Ülkemizde haftalık çalışma süresinin üstünde çalışan sayısı 8,5 milyonu yani toplam istihdamın yüzde 28,2’sini buluyor. Türkiye’deki haftalık çalışma sürelerini daha ayrıntılı incelediğimizde ise toplam istihdam içerisinde yer alan 17 milyon 828 bin ücretli, maaşlı ve yevmiyeli çalışanın %36’sının (6 milyon 578 bin kişi) haftalık 50 saatten fazla çalıştığı görülmüştür. Yine ücretli, maaşlı ve yevmiyeli çalışanların %65’i (11 milyon 619 bin kişi) ise 41 saat ve üzeri çalışmaktadırlar.

Her 100 İşçiden Sadece 15’i Sendikalı!

Kayıtdışı istihdam dahil edildiğinde gerçek sendikalaşma oranı yüzde 9,8’dir!

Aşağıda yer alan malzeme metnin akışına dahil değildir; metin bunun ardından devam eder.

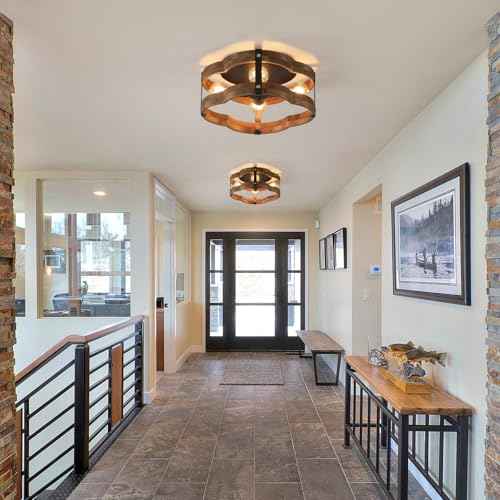 4-Light Rustic Farmhouse Wood Flush Mount Ceiling Light Fixture 14.17 inch Oak Wood and Metal Cloud Cage Semi Flush Mount Ceiling Light for Hallway Hall Entry Bedroom Farmhouse Indoor, Black
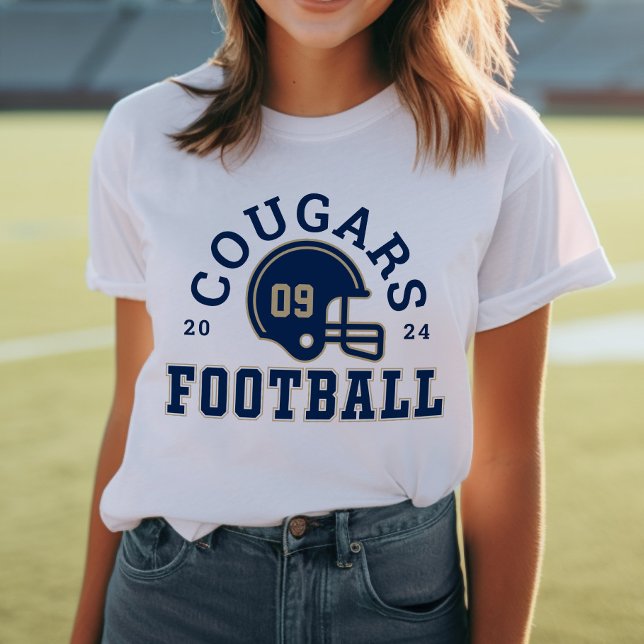 Custom Football Mama Navy Blue and Gold Team Tri-Blend Shirt (Von Creator hochgeladen)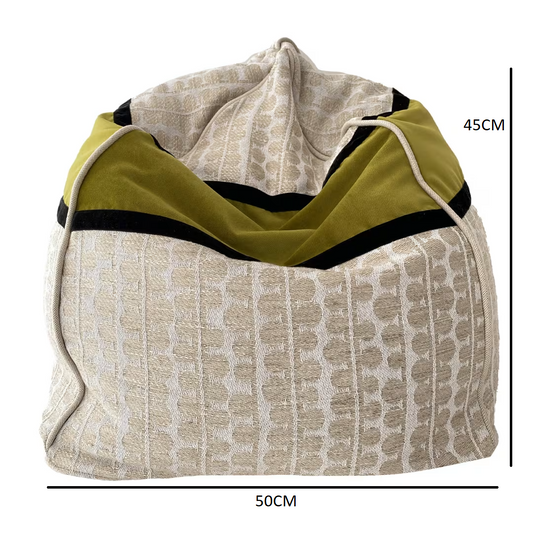 Boucle patterned ecru kiwi green bean bag pouf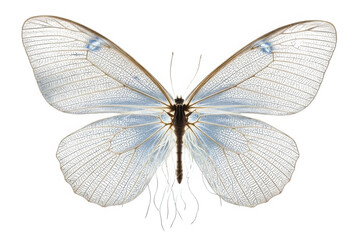 Naklejka premium Closeup of a delicate white butterfly isolated on transparent background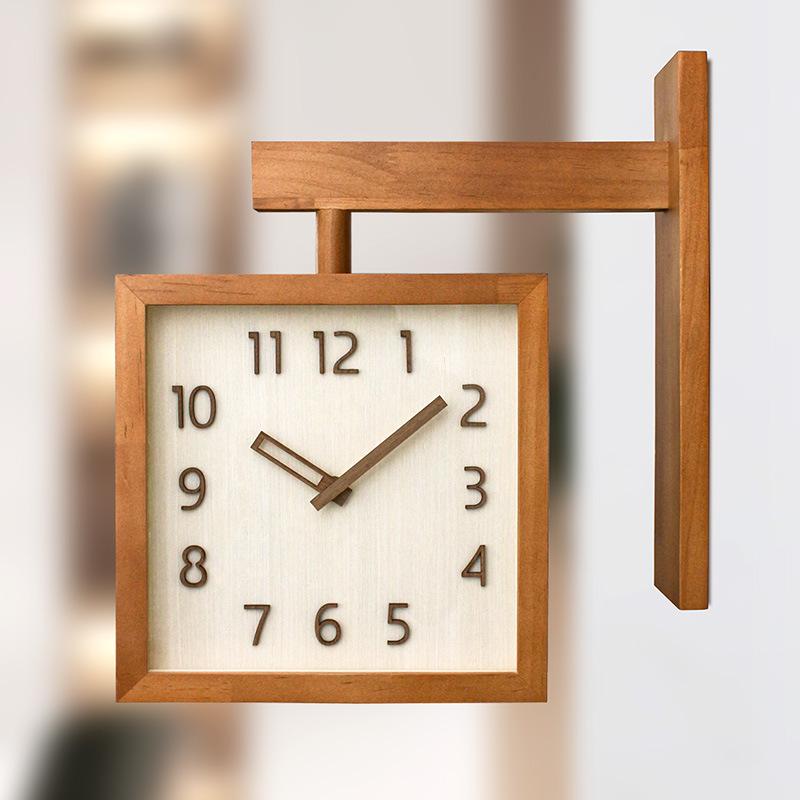 Clock Solid Wood Double-sided Wall Clock Silent Living Room Home Simple Modern Japanese Clock Wall Corner Two-sided Clocks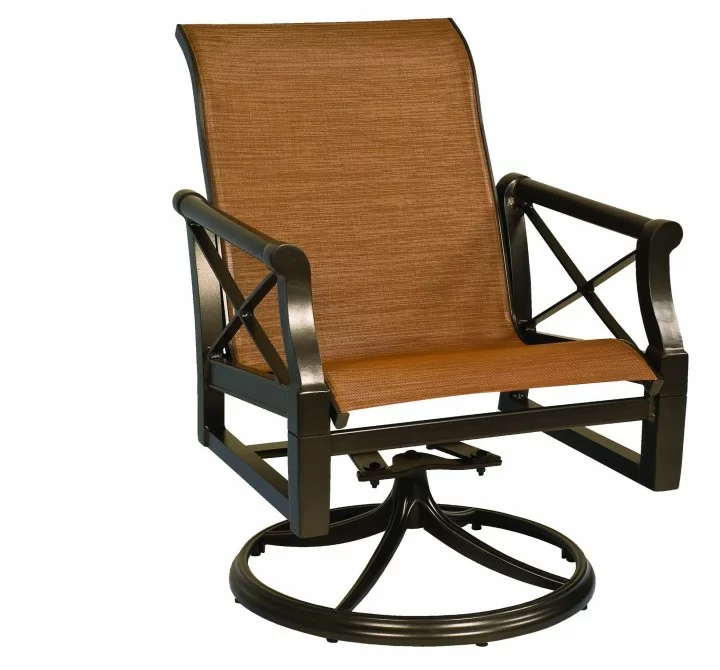 Woodard Andover Sling Swivel Rocking Dining Armchair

AÇSHB Ocak 2025 istatistiklerine göre sendikalı işçi sayısı 2 milyon 524 bin 547’dir. Sigortalı işçi sayısı ise 16 milyon 864 bin 733’tür. Böylece sigortalı işçiler arasındaki sendikalaşma oranı (resmi sendikalaşma oranı) yüzde 14,97 olmaktadır. Ancak bu oranın birçok yönden hatalı olduğunu kabul etmek gerekir. Bakanlığın sendikalaşma oranı iki nedenle eksiktir. Birincisi, kayıt dışı işçiler hesaba katılmadığı için sendikalaşma oranı fiili durumdan daha yüksek çıkmaktadır. İkincisi ise bu oranın toplu iş sözleşmesi (TİS) kapsamındaki sendikalı işçi sayısını yansıtmamasıdır. Bakanlık sendikalaşma oranını; toplam sendika üye sayısını SGK’ye kayıtlı işçi sayısına bölerek bulmaktadır. Bu oran, Uluslararası Çalışma Örgütü (ILO) tarafından benimsenen hesaplama yöntemiyle uyumsuzdur. Sigortalı işçileri esas alan resmi sendikalaşma oranı yüzde 14,97 iken, kayıtlı ve kayıtsız tüm işçileri esas aldığımızda fiili sendikalaşma oranı yüzde 9,8’e gerilemektedir.

Çalışanların Her 100 Kişiden 12’si Yoksul!

Türkiye’de çalışan yoksulluğu, özellikle son yıllarda giderek derinleşen bir sorun haline gelmiştir. Yüksek enflasyon, düşük ücretler, güvencesiz çalışma koşulları ve artan yaşam maliyetleri, çalışanların büyük bir kısmını yoksulluk sınırının altına itmektedir. Çalışan yoksulluğu, hem bireylerin yaşam kalitesini olumsuz etkileyen hem de toplumdaki gelir eşitsizliğini artıran bir olgu olarak ekonominin önemli sorunlarından biri olarak öne çıkmaktadır. Nitekim ülkemizde çalıştığı halde yoksul olanların oranı yüzde 12’ye yakındır. Bu oran erkeklerde yüzde 13,7, kadınlardaysa yüzde 7,6’dır.